Now, to the untrained ear, all Death/Doom is going to sound similar. But Granule, while having both feet, hands, and everything else in the boat of Death/Doom, do pull in elements from other genres. Those vocals? While harsher than your second grade teacher, they come more from hardcore than death metal (though the singer has got his death rattle voice as well. The second guitarist? He goes in for some psychedelic soloing at times. Though with the planet sized distortion of the rhythm guitar, the soloing can’t help but sound like a satellite. The drummer? This rocker is certainly not content to plod. He’s got ambition and tom drums, and he’s not afraid to use both (apologies on assuming they are “he’s.” I always love to hear women in metal because it’s too rare). “Lament” shows the breadth of this pummeling beast. The non-groove of the drums is more of a riff than the guitars. And on “G.O.Y.A” he does the unthinkable on a death/doom song: he dials the drumming all the way up to common time. Shocking, I know, but don’t worry, the bpm is still around 100.
Now, while “G.O.Y.A.” and “Lament” are two terrific slabs of gravity inducing metal, “Silver Haze Mountain Pt. 2” is something different.

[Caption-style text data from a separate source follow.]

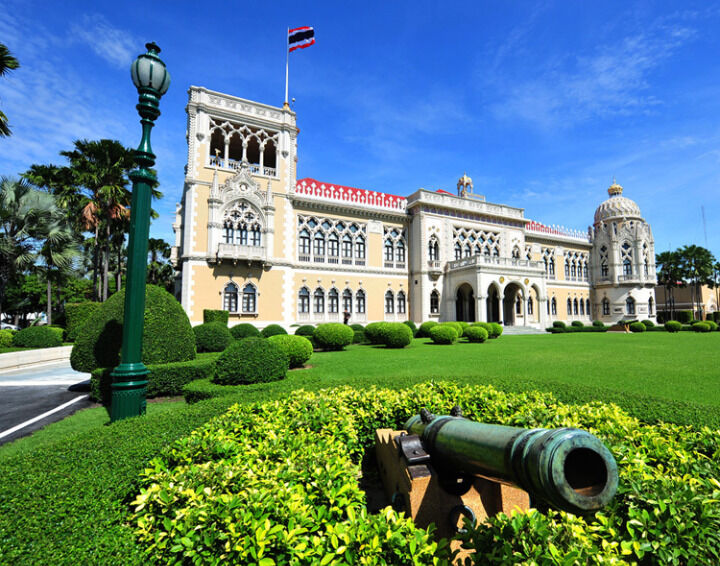 Government House open this Saturday for National Children's Day | News by Thaiger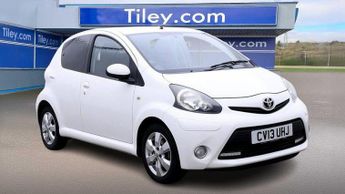 Toyota AYGO 1.0 VVT-i Fire Euro 5 5dr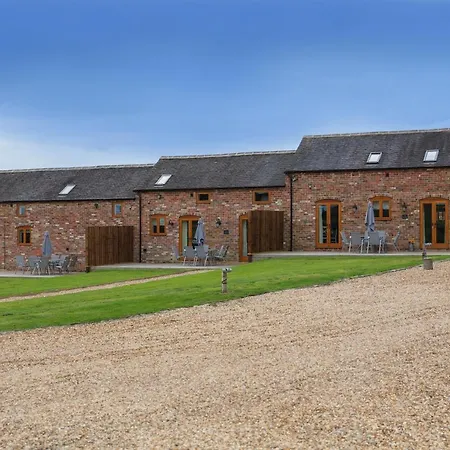 Hastings Retreat Rural Barn Conversions With Private Lake Ashby-de-la-Zouch Buitenkant foto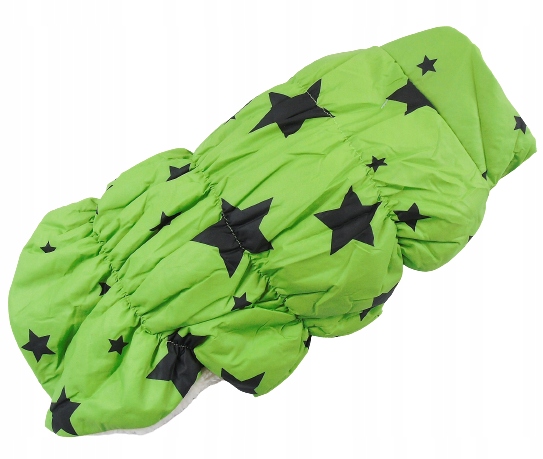 

Ciepła Kamizelka dla psa ocieplane ubranko 33cm M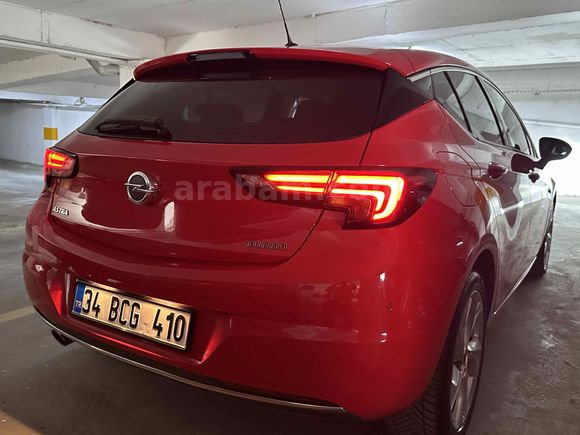 Sahibinden Opel Astra 1.4 T Dynamic 2018 Mart Çıkışlı 68.000 km  LED MATRİX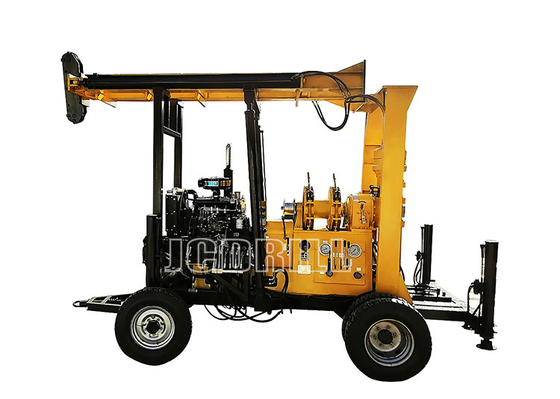 Купить 24hp буровая установка насоса грязи двигателя дизеля 400m онлайн изготовление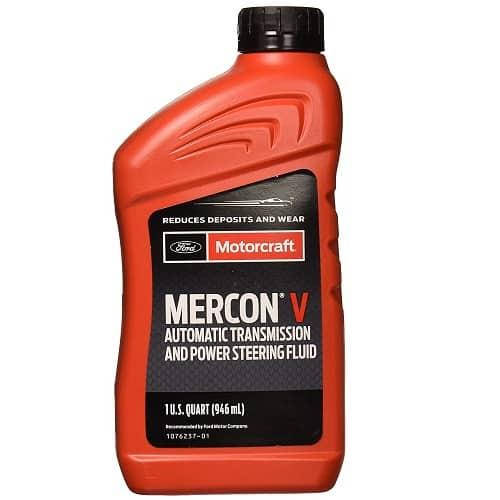 Оригинальное трансмиссионное масло Ford Motorcraft Mercon V 946 мл. Ford MERCON V Ford MERCON Ford XT-5-QMC
Оригинальное трансмиссионное масло Ford Motorcraft Mercon V 946 мл. Ford MERCON V Ford MERCON Ford XT-5-QMC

Anyone who thinks that music can’t tell a story without lyrics (or at lyrics that can be deciphered) needs to listen to this song. As I hear it, the song starts in civilized society. The vocalist sounds like a manic preacher, riling up his villagers into hating some undefined evil. He leads the villagers up the titular mountain to destroy something. A dragon, a witch, a demon, something that threatens his vision of good order in society. The drums are relentless, pressing the villagers further and further up the mountain. The tension builds the higher they climb. Then they meet the monster. All of their clamoring and hatred has awoken the beast. We get a slow creeping riff that reeks of monstrosity and the vocalist switches to his deep death metal vocals. In horror, faster riffing ensues as the battle erupts. The riffage is constantly derailed by the blasts of feedback. Casualties among the villagers. The song doesn’t stop until the villagers are annihilated and perhaps the monster too, who knows.
Whatever survivors there are appear on the final track, “Whale Song”. It takes up the haunting tone of the intro, but instead of apprehensive, it is mournful. Female vocals take the lead, surveying the wasteland that is the aftermath of the previous track’s battle. It is a beautiful song that is not metal in the least. It stands on its on, but is much more profound because of the destruction that preceded it.
Granted Death/Doom is always going to have a limited audience, but Aurora may just be your gateway.